*** Begin section ***

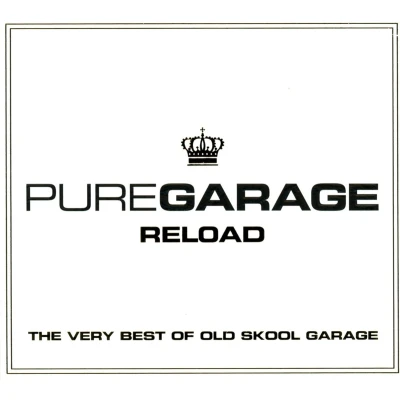 Afbeelding van Various Artists Pure Deep House 3 (3 CD)
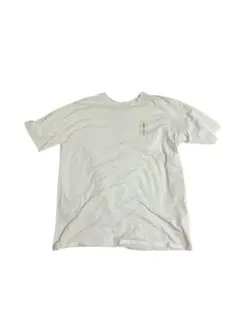 ま*め様 パタゴニアPatagonia Tシャツ　Lサイズ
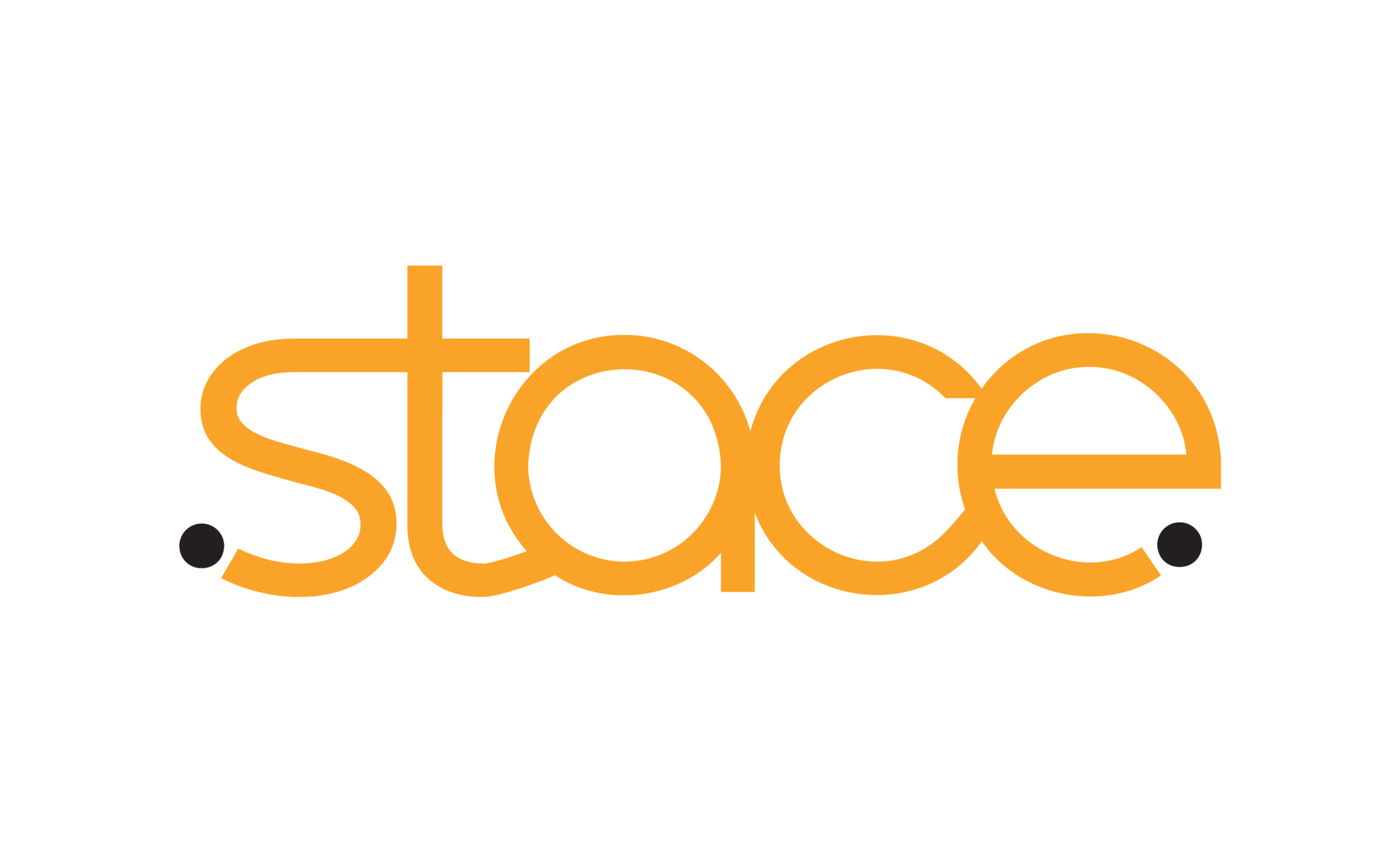 MTaB-Website-Logos-Stace.png
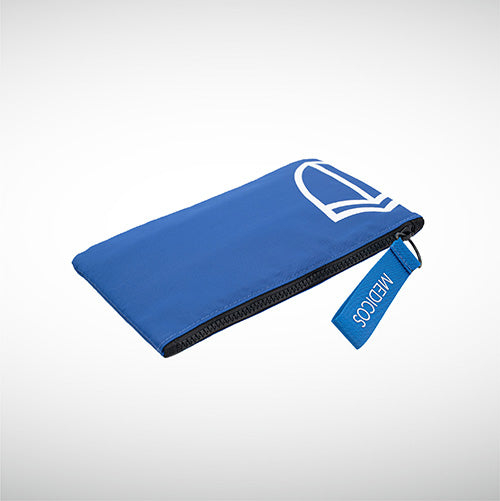 MEDICOS Anti Microbial Pouch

*** End section ***

Activity |
Copy out, unchanged, the span of lines beginning with the one that includes "MTaB-Website-Logos-Stace.png" and running through the final line of the material above. Leave the pictures out.

Answer area |
 MTaB-Website-Logos-Stace.png
 MEDICOS Anti Microbial Pouch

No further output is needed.